[What is expected] In the data below, set down exactly the lines from the one containing "Mädchen mit Kugellampion, gepunktet" up to and including the one containing "Cartoon Muslim kids". Leave the pictures out.

[Task inputs]
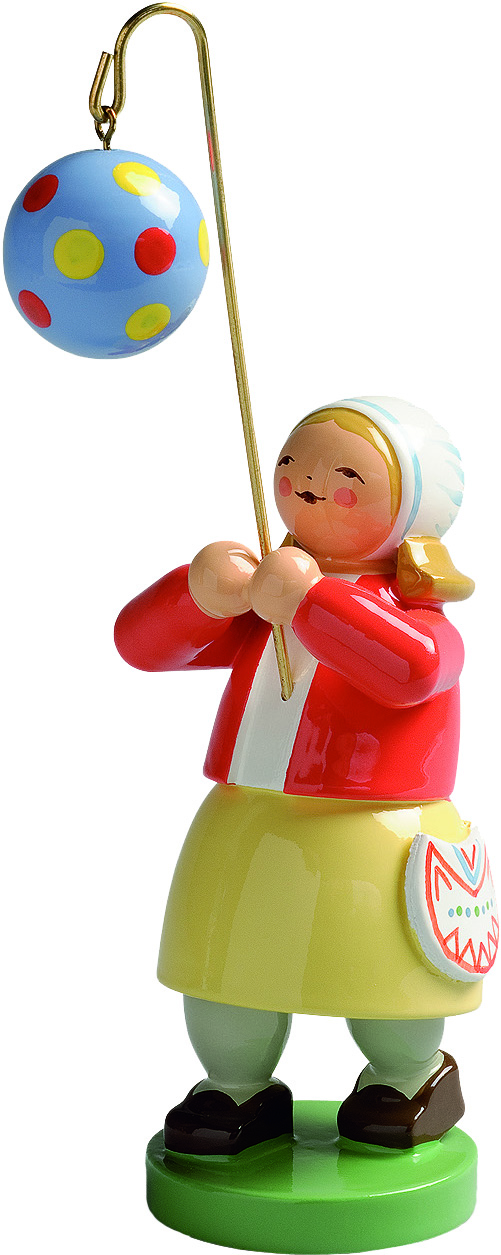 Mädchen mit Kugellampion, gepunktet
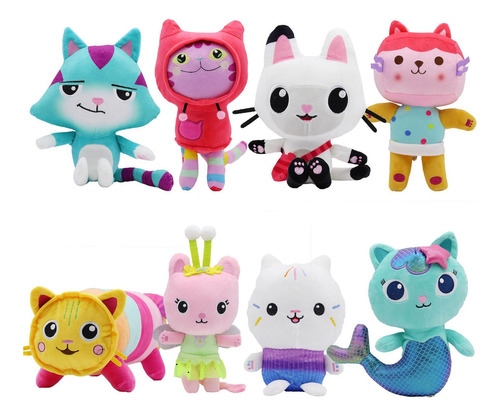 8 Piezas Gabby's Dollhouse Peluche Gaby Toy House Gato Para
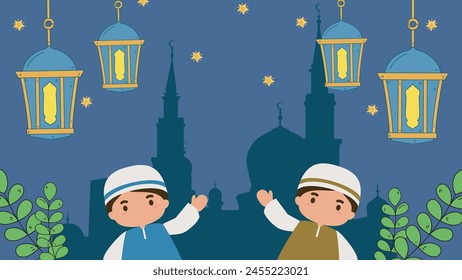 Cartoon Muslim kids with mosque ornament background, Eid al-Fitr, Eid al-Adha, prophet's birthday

==

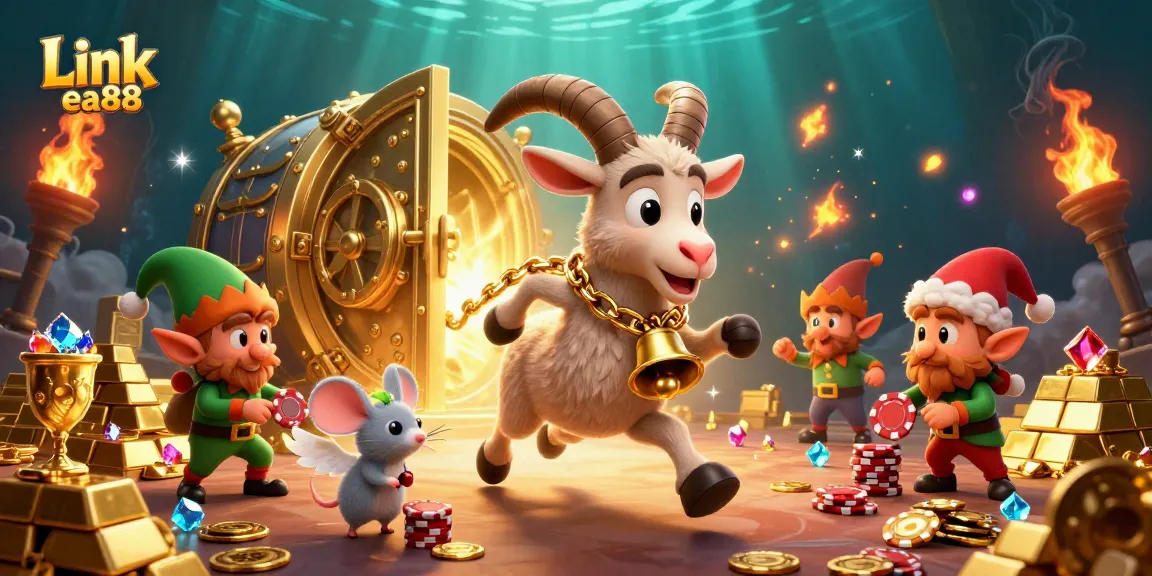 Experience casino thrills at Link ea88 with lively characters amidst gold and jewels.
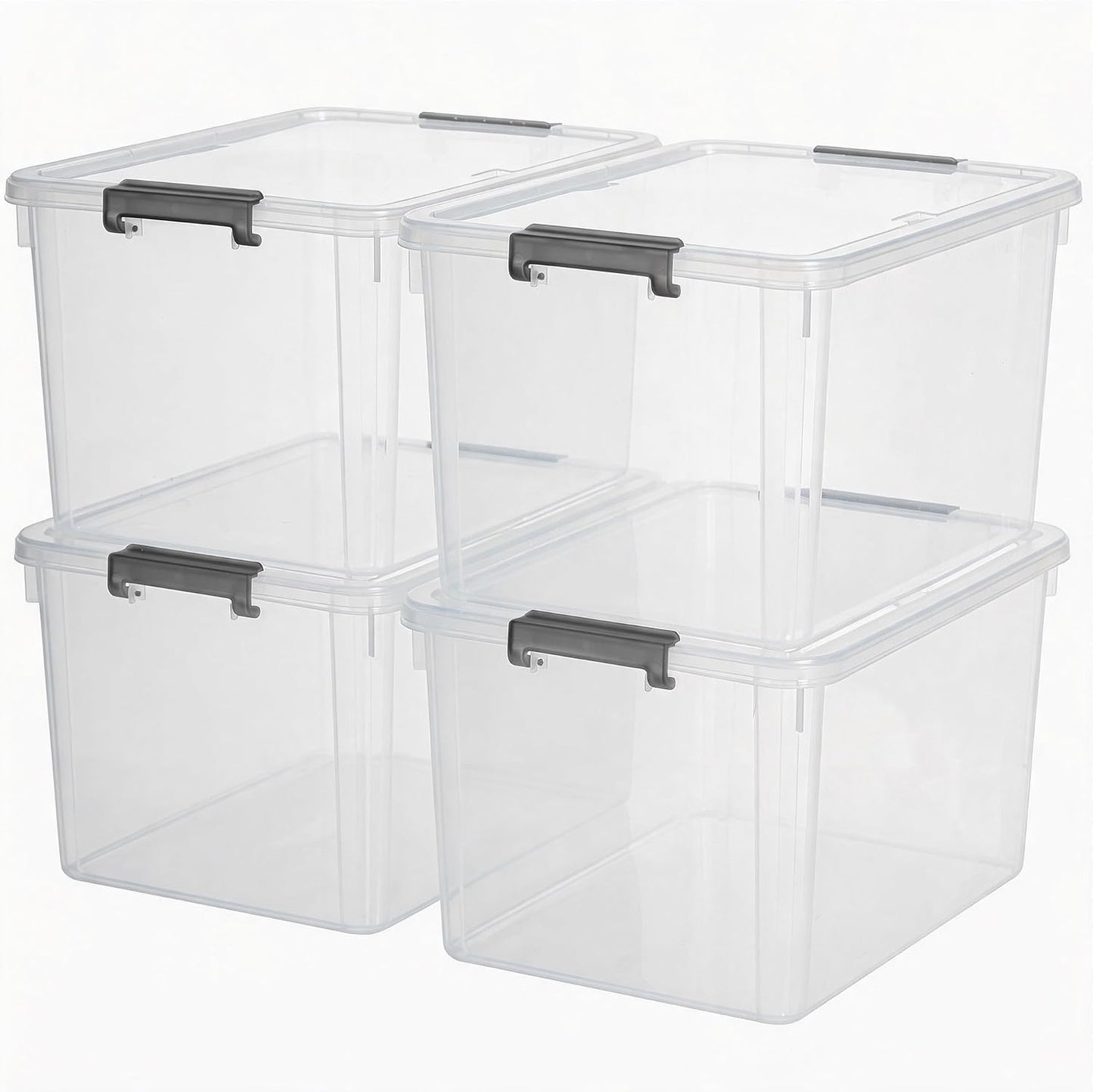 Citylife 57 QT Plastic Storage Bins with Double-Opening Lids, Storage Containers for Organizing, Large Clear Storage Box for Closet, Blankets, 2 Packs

==

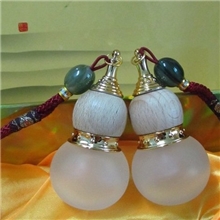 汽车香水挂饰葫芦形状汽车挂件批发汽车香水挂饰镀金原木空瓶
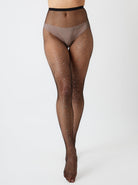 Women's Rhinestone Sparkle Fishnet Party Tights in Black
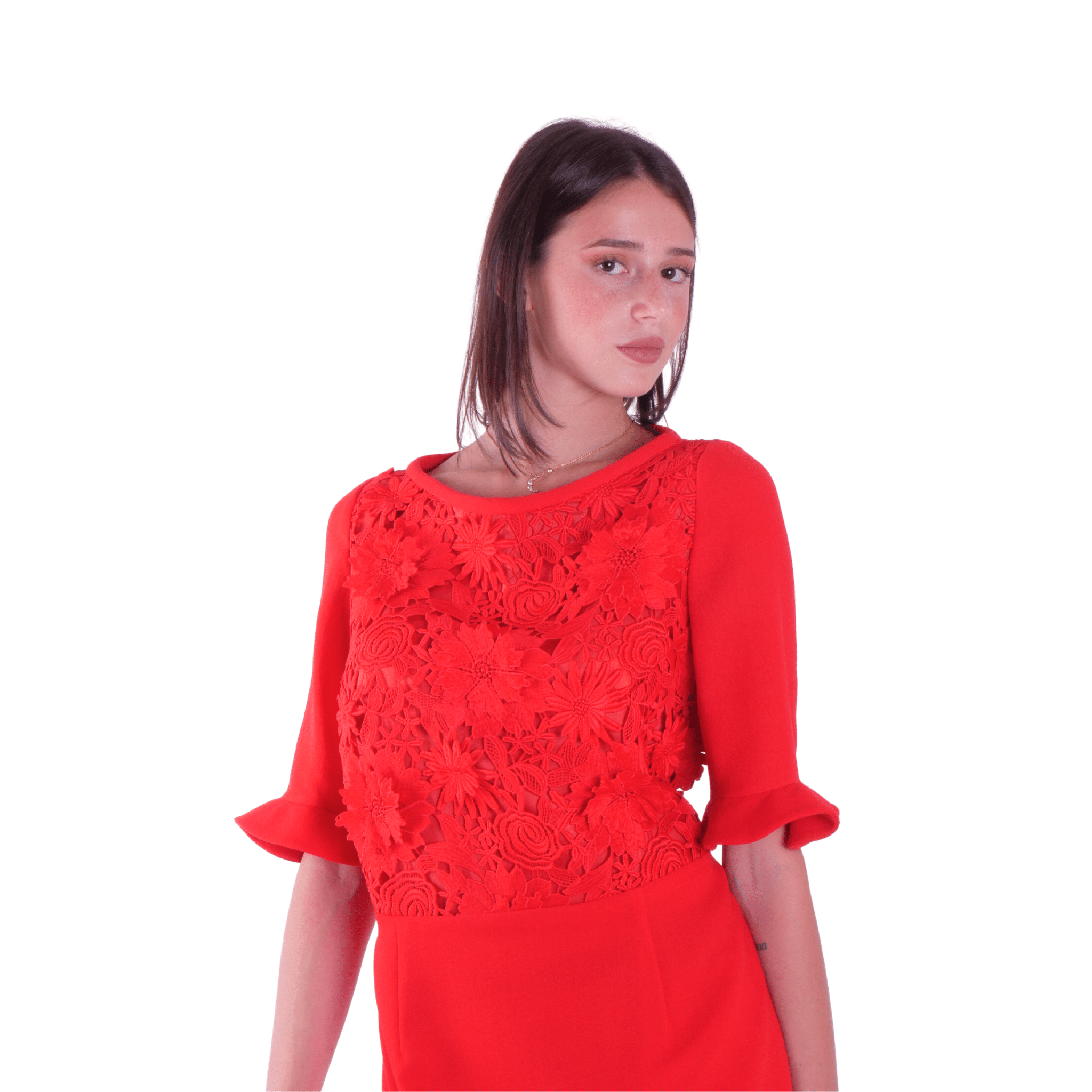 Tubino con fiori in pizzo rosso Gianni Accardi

[Solution for this task]
 Mädchen mit Kugellampion, gepunktet
 8 Piezas Gabby's Dollhouse Peluche Gaby Toy House Gato Para
 Cartoon Muslim kids with mosque ornament background, Eid al-Fitr, Eid al-Adha, prophet's birthday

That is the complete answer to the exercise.